* [STUDY MATERIAL]
-.-.-
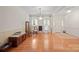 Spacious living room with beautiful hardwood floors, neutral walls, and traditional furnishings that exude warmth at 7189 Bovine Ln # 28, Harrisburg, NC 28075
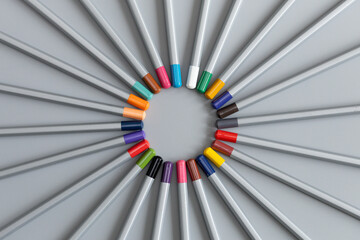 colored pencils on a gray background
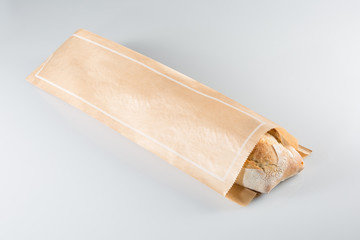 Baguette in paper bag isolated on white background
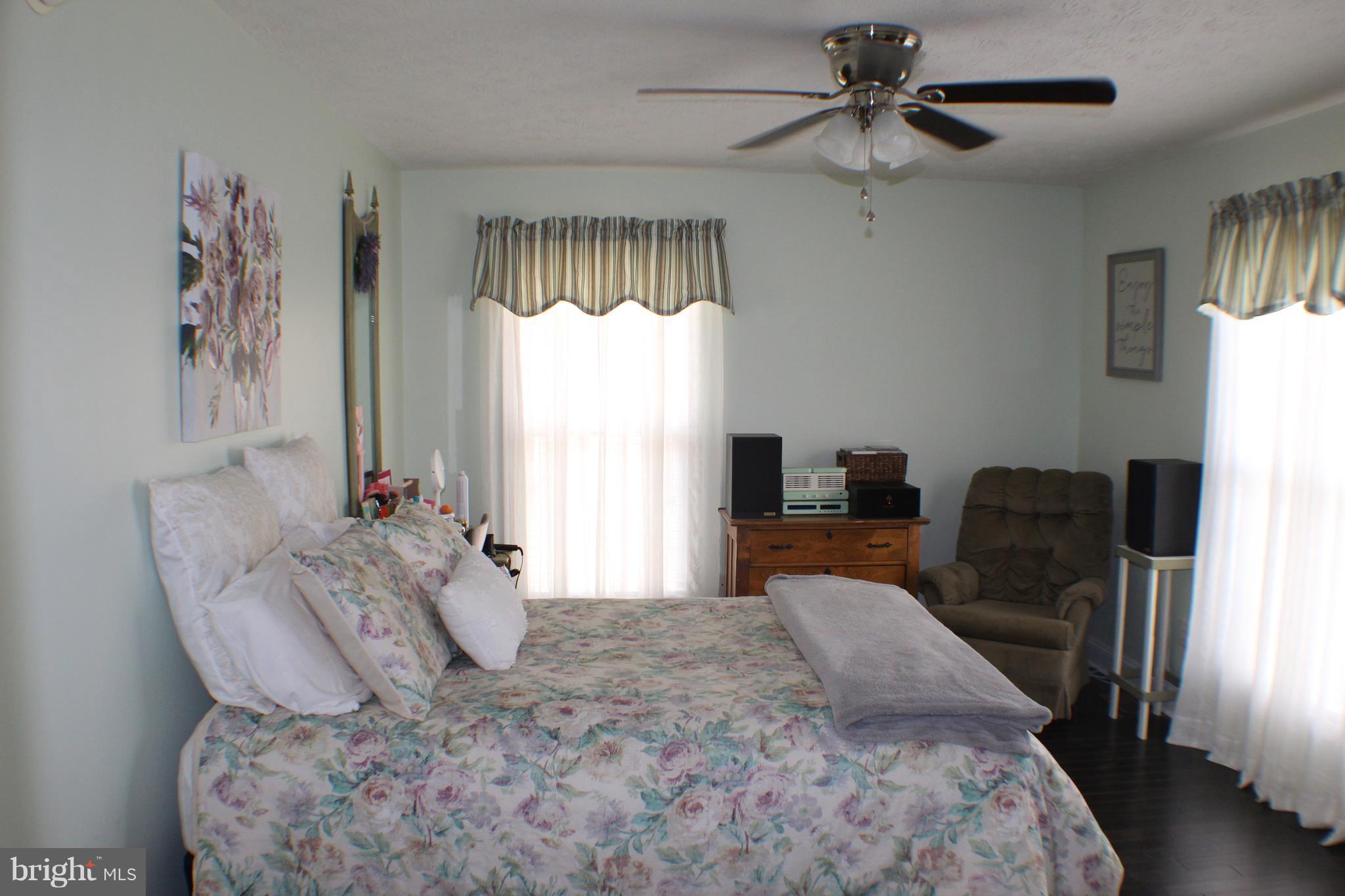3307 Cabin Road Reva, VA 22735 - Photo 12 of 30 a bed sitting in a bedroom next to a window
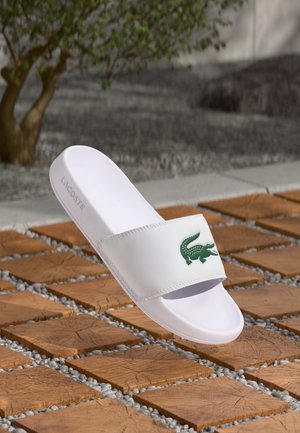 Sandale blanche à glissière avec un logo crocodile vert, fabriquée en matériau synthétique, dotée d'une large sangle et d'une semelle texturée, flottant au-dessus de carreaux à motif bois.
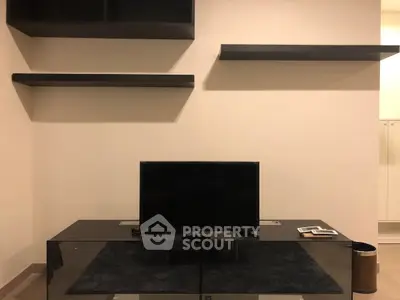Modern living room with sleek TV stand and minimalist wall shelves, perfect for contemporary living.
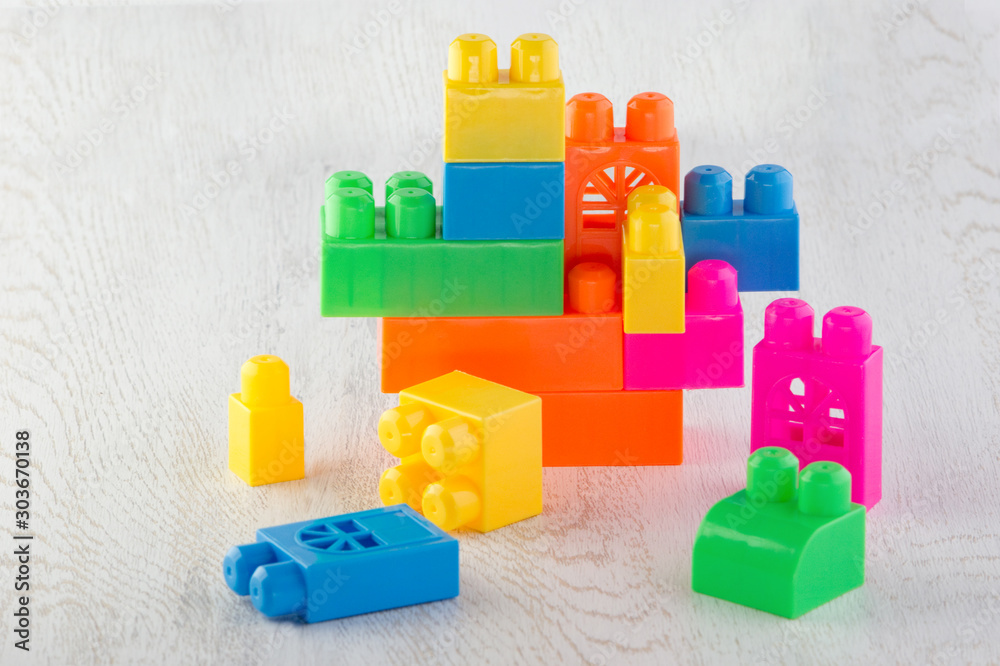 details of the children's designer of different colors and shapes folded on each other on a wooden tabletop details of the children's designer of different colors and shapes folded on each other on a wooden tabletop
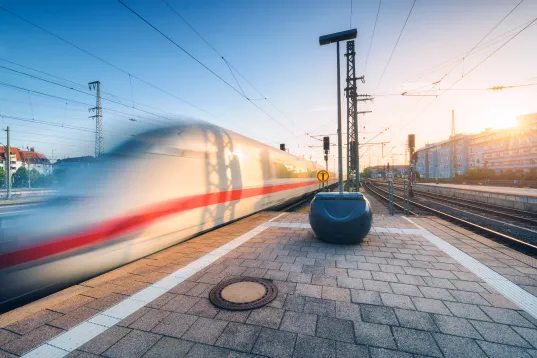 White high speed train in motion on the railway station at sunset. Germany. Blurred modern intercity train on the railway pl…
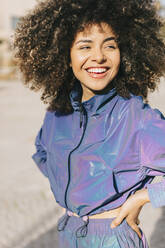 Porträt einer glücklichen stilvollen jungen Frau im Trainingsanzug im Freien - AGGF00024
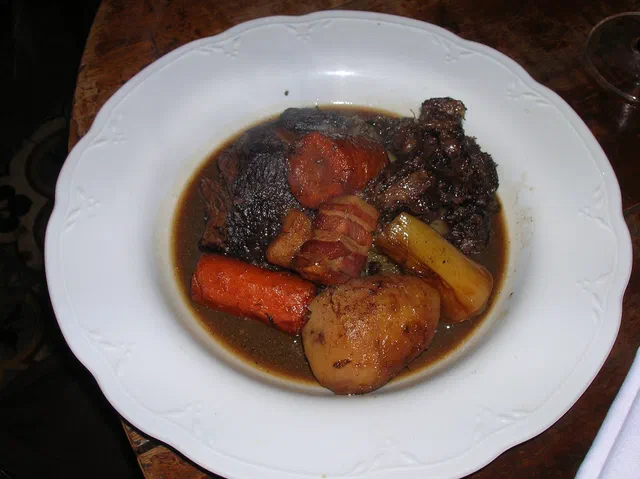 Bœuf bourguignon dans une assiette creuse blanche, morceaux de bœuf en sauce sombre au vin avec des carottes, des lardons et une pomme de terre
-.-.-
* [PROBLEM TO WORK ON]
From the records above, copy exactly the lines starting at the one with "Baguette in paper" and ending at the one with "Porträt einer glücklichen", and no others. Pictures stay out.

* [ANSWER SECTION]
 Baguette in paper bag isolated on white background
3307 Cabin Road Reva, VA 22735 - Photo 12 of 30 a bed sitting in a bedroom next to a window
 Sandale blanche à glissière avec un logo crocodile vert, fabriquée en matériau synthétique, dotée d'une large sangle et d'une semelle texturée, flottant au-dessus de carreaux à motif bois.
Modern living room with sleek TV stand and minimalist wall shelves, perfect for contemporary living.
 details of the children's designer of different colors and shapes folded on each other on a wooden tabletop details of the children's designer of different colors and shapes folded on each other on a wooden tabletop
 White high speed train in motion on the railway station at sunset. Germany. Blurred modern intercity train on the railway pl…
 Porträt einer glücklichen stilvollen jungen Frau im Trainingsanzug im Freien - AGGF00024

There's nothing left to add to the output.